I recently asked for some direction with how to connect a convergent function to proving it is uniformly continuous and I was directed to an awesome post that explained a lot for me. So now I tried to prove this problem which pretty much asks a specific case of that and I was wondering if some people could look it over for errors.
Suppose $f$ is continuous on $[0, \infty)$ and $f(x) \rightarrow 2$ as $x \rightarrow \infty$. Prove $f$ is uniformly continuous on $[0, \infty)$.
Since $f(x) \rightarrow 2$ as $x \rightarrow \infty$, then for $\epsilon>0, \exists k $ s.t. $ \forall x \geq k$ we have $|f(x) - 2| < \frac{\epsilon}{2}$.

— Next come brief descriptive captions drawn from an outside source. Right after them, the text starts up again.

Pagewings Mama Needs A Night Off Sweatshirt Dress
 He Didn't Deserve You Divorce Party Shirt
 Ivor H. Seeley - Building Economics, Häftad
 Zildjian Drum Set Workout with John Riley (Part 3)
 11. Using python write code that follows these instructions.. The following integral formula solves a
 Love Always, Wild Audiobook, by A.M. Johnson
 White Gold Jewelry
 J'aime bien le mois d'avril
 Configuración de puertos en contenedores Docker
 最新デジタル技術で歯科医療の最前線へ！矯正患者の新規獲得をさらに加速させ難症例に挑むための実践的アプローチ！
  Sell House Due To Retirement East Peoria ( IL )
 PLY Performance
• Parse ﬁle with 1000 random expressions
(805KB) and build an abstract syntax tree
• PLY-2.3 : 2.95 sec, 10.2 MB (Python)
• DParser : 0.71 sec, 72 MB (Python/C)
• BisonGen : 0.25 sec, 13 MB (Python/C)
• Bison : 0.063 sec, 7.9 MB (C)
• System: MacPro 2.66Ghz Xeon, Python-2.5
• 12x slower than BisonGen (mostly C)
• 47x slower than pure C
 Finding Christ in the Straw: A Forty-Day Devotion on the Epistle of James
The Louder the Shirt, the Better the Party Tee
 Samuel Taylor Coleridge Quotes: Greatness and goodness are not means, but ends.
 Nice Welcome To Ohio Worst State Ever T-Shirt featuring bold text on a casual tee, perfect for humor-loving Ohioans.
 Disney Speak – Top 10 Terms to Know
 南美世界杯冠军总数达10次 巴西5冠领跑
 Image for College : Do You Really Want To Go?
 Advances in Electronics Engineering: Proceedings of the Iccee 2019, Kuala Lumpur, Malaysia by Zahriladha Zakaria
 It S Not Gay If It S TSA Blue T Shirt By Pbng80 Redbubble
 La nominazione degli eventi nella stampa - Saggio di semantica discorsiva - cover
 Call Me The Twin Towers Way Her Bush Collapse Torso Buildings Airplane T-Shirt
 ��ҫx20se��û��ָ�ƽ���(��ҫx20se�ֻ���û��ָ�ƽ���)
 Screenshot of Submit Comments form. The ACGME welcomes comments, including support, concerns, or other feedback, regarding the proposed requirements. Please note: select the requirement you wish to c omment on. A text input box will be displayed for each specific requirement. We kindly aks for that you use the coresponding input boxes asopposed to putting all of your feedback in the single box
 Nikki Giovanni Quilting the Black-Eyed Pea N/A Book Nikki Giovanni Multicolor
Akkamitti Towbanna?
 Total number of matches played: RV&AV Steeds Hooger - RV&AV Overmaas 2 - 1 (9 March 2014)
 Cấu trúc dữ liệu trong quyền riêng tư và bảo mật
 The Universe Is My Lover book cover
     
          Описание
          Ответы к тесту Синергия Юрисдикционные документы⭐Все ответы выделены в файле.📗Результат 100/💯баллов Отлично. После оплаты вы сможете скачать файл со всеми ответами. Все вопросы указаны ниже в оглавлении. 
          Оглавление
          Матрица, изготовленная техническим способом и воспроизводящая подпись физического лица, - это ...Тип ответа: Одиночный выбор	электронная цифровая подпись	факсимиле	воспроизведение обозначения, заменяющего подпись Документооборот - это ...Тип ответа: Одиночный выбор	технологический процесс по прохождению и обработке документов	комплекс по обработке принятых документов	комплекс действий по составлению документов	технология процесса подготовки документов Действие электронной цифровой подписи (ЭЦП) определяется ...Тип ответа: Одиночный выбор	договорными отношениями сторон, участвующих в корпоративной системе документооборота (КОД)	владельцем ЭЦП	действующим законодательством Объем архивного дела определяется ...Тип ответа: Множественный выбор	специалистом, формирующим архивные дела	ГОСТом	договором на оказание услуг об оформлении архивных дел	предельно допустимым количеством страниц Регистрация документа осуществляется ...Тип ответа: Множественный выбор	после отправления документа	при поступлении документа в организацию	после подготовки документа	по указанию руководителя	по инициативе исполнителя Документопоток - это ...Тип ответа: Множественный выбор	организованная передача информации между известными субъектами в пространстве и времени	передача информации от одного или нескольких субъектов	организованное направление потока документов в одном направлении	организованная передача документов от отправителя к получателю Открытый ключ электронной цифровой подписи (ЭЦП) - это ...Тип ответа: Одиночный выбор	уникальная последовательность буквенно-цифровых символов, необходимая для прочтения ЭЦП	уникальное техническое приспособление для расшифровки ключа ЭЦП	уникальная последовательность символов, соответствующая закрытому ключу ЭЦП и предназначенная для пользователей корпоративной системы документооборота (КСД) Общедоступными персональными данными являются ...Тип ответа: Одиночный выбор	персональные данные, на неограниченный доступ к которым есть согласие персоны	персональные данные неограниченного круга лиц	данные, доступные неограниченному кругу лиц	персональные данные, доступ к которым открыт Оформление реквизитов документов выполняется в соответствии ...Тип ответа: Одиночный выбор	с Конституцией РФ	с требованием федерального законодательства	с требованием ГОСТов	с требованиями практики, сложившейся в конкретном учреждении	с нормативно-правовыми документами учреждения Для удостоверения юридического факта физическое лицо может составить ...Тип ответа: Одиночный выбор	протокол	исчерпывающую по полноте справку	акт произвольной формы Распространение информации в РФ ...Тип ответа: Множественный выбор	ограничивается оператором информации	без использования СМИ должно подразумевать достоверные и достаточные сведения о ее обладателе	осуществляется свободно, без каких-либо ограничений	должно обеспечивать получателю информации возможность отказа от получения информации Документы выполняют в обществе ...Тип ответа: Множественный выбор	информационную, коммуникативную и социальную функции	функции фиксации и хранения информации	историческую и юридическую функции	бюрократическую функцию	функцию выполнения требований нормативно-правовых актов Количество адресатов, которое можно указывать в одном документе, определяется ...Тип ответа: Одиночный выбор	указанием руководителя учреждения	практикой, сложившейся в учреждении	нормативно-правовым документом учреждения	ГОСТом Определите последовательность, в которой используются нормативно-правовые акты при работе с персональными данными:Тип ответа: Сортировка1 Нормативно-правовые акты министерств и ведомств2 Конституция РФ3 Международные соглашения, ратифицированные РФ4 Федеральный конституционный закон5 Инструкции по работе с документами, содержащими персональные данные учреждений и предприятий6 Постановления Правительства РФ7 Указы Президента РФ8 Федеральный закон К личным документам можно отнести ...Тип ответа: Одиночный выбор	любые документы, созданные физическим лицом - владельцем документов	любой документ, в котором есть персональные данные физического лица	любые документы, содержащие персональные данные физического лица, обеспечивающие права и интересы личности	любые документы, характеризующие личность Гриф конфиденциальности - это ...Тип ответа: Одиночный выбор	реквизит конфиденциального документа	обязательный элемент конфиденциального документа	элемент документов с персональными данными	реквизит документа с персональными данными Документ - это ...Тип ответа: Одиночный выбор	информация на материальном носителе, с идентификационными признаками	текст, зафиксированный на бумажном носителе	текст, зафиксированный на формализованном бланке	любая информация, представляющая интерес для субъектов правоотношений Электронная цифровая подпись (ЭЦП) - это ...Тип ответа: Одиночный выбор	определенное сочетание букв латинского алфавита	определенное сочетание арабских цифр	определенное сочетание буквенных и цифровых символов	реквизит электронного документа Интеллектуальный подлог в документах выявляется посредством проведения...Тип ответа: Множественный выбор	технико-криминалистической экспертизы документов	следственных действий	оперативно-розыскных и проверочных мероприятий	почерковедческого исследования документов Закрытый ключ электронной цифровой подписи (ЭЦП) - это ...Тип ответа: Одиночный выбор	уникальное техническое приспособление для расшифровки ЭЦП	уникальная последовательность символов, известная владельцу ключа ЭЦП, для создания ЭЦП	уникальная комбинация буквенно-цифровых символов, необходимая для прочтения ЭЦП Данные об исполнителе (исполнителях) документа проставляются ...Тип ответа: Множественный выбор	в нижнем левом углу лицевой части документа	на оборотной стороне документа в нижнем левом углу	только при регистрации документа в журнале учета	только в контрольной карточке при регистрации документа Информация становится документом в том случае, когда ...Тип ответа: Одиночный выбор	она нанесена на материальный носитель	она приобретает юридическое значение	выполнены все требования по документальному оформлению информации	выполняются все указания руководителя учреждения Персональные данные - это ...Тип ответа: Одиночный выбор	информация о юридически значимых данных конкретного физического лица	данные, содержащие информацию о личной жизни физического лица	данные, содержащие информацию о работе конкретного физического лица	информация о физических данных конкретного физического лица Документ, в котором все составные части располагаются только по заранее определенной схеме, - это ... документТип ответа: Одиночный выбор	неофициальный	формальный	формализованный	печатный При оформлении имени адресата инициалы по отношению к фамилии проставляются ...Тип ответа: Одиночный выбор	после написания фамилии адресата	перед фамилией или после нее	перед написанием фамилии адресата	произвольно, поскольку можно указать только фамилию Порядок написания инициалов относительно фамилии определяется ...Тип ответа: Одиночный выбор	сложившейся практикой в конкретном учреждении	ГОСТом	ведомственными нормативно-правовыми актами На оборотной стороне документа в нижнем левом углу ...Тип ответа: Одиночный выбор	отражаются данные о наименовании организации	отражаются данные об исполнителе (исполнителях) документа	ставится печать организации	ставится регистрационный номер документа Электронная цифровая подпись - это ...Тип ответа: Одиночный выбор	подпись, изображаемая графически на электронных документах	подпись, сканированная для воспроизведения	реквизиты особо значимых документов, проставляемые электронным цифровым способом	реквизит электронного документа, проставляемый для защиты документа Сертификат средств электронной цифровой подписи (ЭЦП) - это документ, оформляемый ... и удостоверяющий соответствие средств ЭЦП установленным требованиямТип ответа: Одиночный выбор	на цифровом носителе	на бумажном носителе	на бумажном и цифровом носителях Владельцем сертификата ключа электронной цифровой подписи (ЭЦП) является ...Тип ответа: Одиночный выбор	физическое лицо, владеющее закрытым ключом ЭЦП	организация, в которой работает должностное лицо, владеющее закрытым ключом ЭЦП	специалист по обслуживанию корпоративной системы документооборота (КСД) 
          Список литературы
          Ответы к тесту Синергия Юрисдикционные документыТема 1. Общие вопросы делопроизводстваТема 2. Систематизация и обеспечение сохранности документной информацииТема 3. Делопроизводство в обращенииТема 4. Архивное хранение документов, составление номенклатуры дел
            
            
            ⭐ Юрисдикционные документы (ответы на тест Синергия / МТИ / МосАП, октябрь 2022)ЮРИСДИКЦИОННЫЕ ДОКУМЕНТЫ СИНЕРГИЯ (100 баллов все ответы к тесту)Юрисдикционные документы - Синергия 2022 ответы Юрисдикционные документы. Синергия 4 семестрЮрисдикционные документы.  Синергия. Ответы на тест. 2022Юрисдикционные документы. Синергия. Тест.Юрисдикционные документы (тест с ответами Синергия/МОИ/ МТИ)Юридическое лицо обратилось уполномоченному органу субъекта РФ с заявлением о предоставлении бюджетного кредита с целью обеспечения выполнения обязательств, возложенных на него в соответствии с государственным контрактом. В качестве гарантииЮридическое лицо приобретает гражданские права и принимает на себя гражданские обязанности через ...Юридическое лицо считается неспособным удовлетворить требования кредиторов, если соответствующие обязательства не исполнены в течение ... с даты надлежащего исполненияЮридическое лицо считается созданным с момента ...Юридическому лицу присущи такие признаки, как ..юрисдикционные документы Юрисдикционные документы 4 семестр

Also, note that since $f$ is continuous on $[0, \infty)$ it is uniformly continuous on $[0, k+2]$ and so for $\epsilon >0$, $\exists \delta_1 > 0$ s.t. if $x,y \in [0, k+2]$ and $|x-y| < \delta_1$ then $|f(x) - f(y)| < \epsilon$.
Now given $\epsilon >0$, take $\delta = \min(\delta_1, \frac{1}{2}) > 0$. Suppose $x,y \in [0, \infty)$ and $|x-y| < \delta$.
Then if $x > k + 1$, since $|x-y| < \frac{1}{2}$ we have $k+1 - y < x - y < \frac{1}{2}$ and so $y > k$. Together, we have $x, y > k$ and $|x-y| < \delta$, so $|f(x) - f(y)| = |(f(x) - 2) + (-f(y) + 2)| \leq |f(x) -2| + |f(y) - 2| < \frac{\epsilon}{2} + \frac{\epsilon}{2} = \epsilon$.
If $x \leq k + 1$, since $|x - y| < \frac{1}{2}$, then we have $y < k + \frac{3}{2} < k+2$. Together then, we have $x, y \in [0,k+2]$ and $|x-y| < \delta \leq \delta_1$ and so $|f(x) - f(y)| < \epsilon$.
Thus we have shown for $\epsilon >0$, there is a $\delta > 0$ s.t. if $x,y \in [0, \infty)$ and $|x-y| < 0$, then $|f(x) - f(y)| < \epsilon$.
Since $\displaystyle \lim_{x \to \infty}f(x)=2$ so for a given $\epsilon >0$ ,$\exists$ a real number $k$ such that $|f(x)-2|<\epsilon/2$ whenever $x \ge k$. Now let , $x,y\in [k,\infty)$.
Then , $|f(x)-f(y)|\le |f(x)-2|+|f(y)-2|<\epsilon$ , for every $x,y \in [k,\infty)$ . So particularly ,$|f(x)-f(y)|<\epsilon$ , whenever $|x-y|<\delta$. So $f$ is uniformly continuous in $[k,\infty)$.
Again $[0,k]$ is compact domain, so $f$ is uniformly continuous in $[0,k]$. Hence $f$ is uniformly continuous in $[0,\infty)$.